Undang-undang Nomor 16 tahun 2011 tentang bantuan hukum mengamanatkan kewenangan penganggaran bantuan hukum oleh Daerah di Pasal 19 ayat (1) yakni Daerah dapat mengalokasikan anggaran penyelenggaraan Bantuan Hukum dalam AnggaranPendapatan dan Belanja Daerah. Sedangkan Ketentuan lebih lanjut mengenai penyelenggaraan Bantuan Hukum sebagaimana dimaksud pada ayat (1) diatur dengan Peraturan Daerah. Karena yang diatur hanyalah pengalokasian anggaran, maka Pelaksanaan Pemberian Bantuan Hukum oleh Daerah tunduk pada rejim Peraturan Pelaksana dari UU 16/2011.
Ada keraguan dari Pemerintah Daerah mengenai apakah Anggaran Bantuan Hukum merupakan Hibah atau Bantuan Sosial. Hal itu sudah terjawab dengan adanya pengaturan anggaran bantuan hukum dalam Permendagri Nomor 31 Tahun 2016 dan Permendagri Nomor 33 Tahun 2017 tentang Pedoman Penyusunan Anggaran Pendapatan Dan Belanja Daerah. Dengan adanya aturan ini, semestinya tidak perlu ada lagi keraguan mengenai kewenangan pemerintah daerah dalam pelayanan bantuan hukum.
Di beberapa daerah yang sudah memiliki Perda Bantuan Hukum juga muncul kendala di tingkat implementasi, yang pada dasarnya disebabkan oleh kekawatiran dalam pengelolaan dan penyaluran anggaran bantuan hukum. Regulasi bantuan hukum tersebut terhenti hanya di tingkat Perda, dan tidak diikuti dengan aturan yang lebih teknis dalam bentuk peraturan/ keputusan kepala daerah. Menurut mereka perlu ada petunjuk teknis di tingkat nasional bagi penganggaran bantun hukum di daerah untuk dapat dimasukkan dalam Permendagri tentang Pedoman Penyusunan Anggaran Pendapatan Dan Belanja Daerah.
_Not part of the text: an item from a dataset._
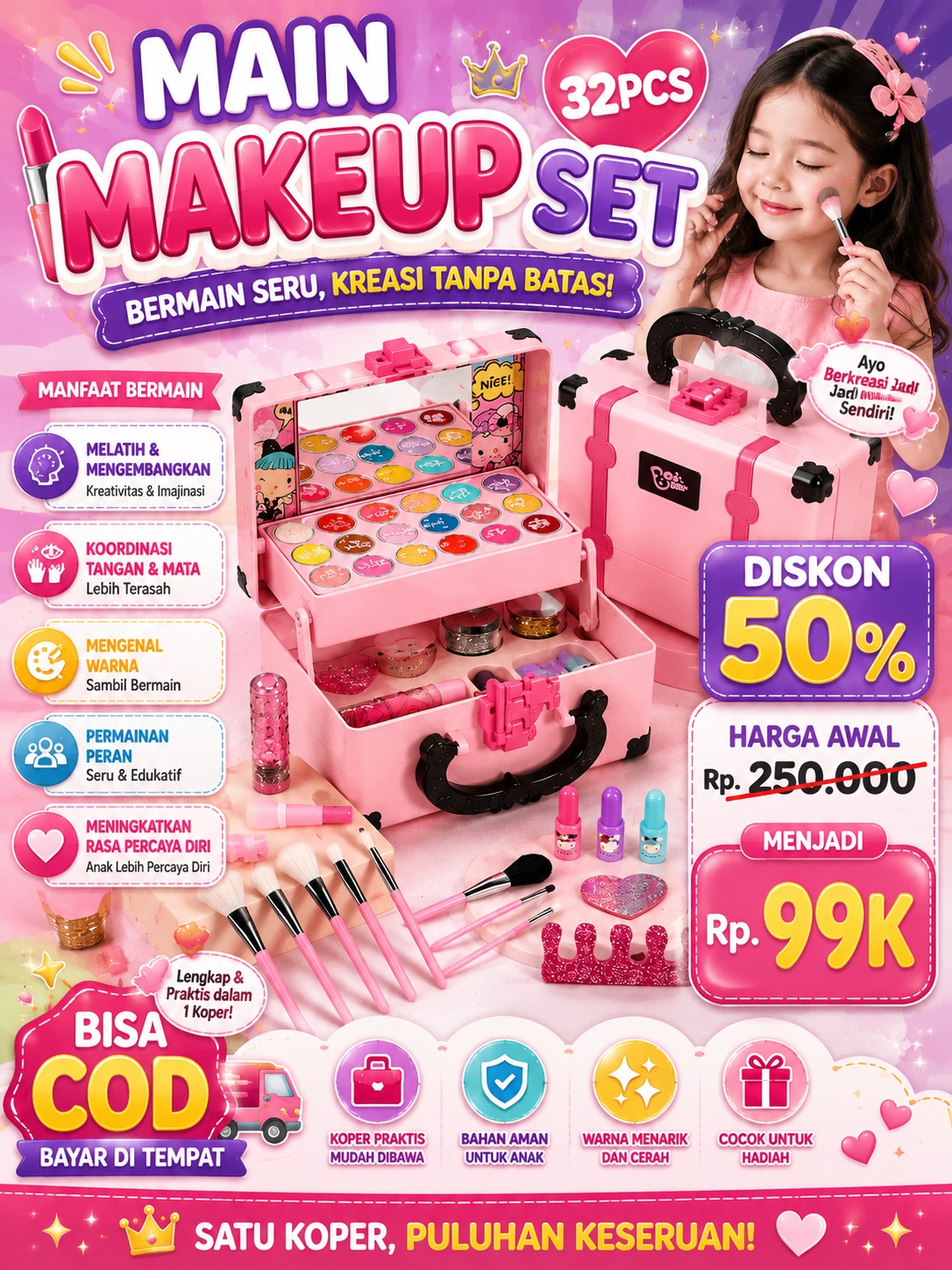 Mainan MakeUP Set Lengkap Bisa COD Dan Potongan Ongkir | YT-SYH logo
Dengan dasar itulah PANDUAN PENYELENGGARAAN BANTUAN HUKUM DI DAERAH ini disusun melalui kerja sama antara Kementerian Hukum dan Hak Asasi Manusia, Kementerian Dalam Negeri, Yayasan Lembaga Bantuan Hukum Indonesia dan Yayasan Tifa. Dengan adanya Panduan ini diharapkan adanya dapat memperluas dan meningkatkan peran pemerintah daerah dalam penyelenggaraan bantuan hukum, menjadi referensi bagi pemerintah daerah dalam menyusun kebijakan bantuan hukum di tingkat nasional, serta mendorong terbentuknya Perda bantuan hukum yang mencakup peningkatan kapasitas dan kualitas layanan bantuan hukum di daerah.